Glaubt Ihr den Ihr seit die einzigen die bei Bikewetter arbeiten müßen  

@alti  nem doch mal dein salsa vom hacken und füre es am Sonntag gassi


----------



## Altitude (31. März 2005)

Tomac-Fan schrieb:
			
		

> @alti  nem doch mal dein salsa vom hacken und füre es am Sonntag gassi



och nö, der ist ja nur "zusammengesteckt"...


----------



## All-Mountain (1. April 2005)

Also wer ist jetzt am Sonntag um 11 am Löwensal?


----------



## sideshowbob (1. April 2005)

All-Mountain schrieb:
			
		

> Also wer ist jetzt am Sonntag um 11 am Löwensal?
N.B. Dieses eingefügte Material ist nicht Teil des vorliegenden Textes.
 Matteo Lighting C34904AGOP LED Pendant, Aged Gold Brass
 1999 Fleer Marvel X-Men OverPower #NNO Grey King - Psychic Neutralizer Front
muss ich da jetzt fest zu/absagen oder geht auch "wer da ist ist da"?!?!


----------



## blacksurf (1. April 2005)

ich bin da um 11 Uhr mit Tomac.
@sideshowbob
musst du nicht fest zu oder absagen - aber wir warten auch nicht ewig - wenn ihr mitkommt bitte pünktlich sein!


----------



## MTB-News.de




----------



## showman (1. April 2005)

Ich, ich, ich   

Gruß Showman


----------



## Altitude (1. April 2005)

All-Mountain schrieb:
			
		

> Also wer ist jetzt am Sonntag um 11 am Löwensal?



zu 80% klappts - wenn nicht, ruf ich durch


----------



## karstenenh (2. April 2005)

Oh wie schön, die gute alte Moritzbergrunde ohne Moritzberg   

Da bin ich doch voll dabei   

Hulk


----------



## All-Mountain (2. April 2005)

Na, das hört sich ja schon mal ganz gut an

Also dann bis morgen um 11  

Ich war übrigens gute 2 Wochen krank, also seid bitte gnädig zu mir


----------



## Mr.Chili (2. April 2005)

All-Mountain schrieb:
			
		

> Ich war übrigens gute 2 Wochen krank, also seid bitte gnädig zu mir



Gnädig ??? was is`n das 
kenn die in Nürnbersch net. Denke noch mit grausen an den 1.Jan


----------



## blacksurf (2. April 2005)

All-Mountain schrieb:
			
		

> Ich war übrigens gute 2 Wochen krank, also seid bitte gnädig zu mir



was soll ich da erst sagen?
Aber egal, schliesslich muss ich was für die Frauenquote tun


----------



## Altitude (2. April 2005)

Tomac-Fan schrieb:
			
		

> Gnädig ??? was is`n das
> kenn die in Nürnbersch net. Denke noch mit grausen an den 1.Jan



Underfrangen und Erdkunde:

*Fädd*  net Närmberch...


...ich bin auch net fit...nur den Harry müssen wir irgendwie "zügeln"..


----------



## blacksurf (3. April 2005)

Jungs war ne super Ausfahrt mit Euch
Ich hoffe das nächste mal bekomme ich etwas mehr weibliche Verstärkung, dann muss ich mir nicht so viel derbe Sprüche anhören  
@All-mountain
Danke für den Besuch! War schön das du wieder mal im Lande warst..


----------



## Mr.Chili (4. April 2005)

He Leut war schön mit euch.
@ Blacky wir ham uns doch noch beherrscht  
@all vielleicht beim nächsten mal net ganz so gemütlich, sonst könnt ich ja meine kittis mit bringen


----------



## MTB-News.de




----------



## blacksurf (4. April 2005)

Tomac-Fan schrieb:
			
		

> @all vielleicht beim nächsten mal net ganz so gemütlich, sonst könnt ich ja meine kittis mit bringen


----------



## steed (4. April 2005)

ach ihr habt am sonntag die Röthenbachklamm blockiert....  . da musste man ja fast absteigen.....  

kleiner scherz! viel spass, bis zum nächsten mal...

don't panic

steed


----------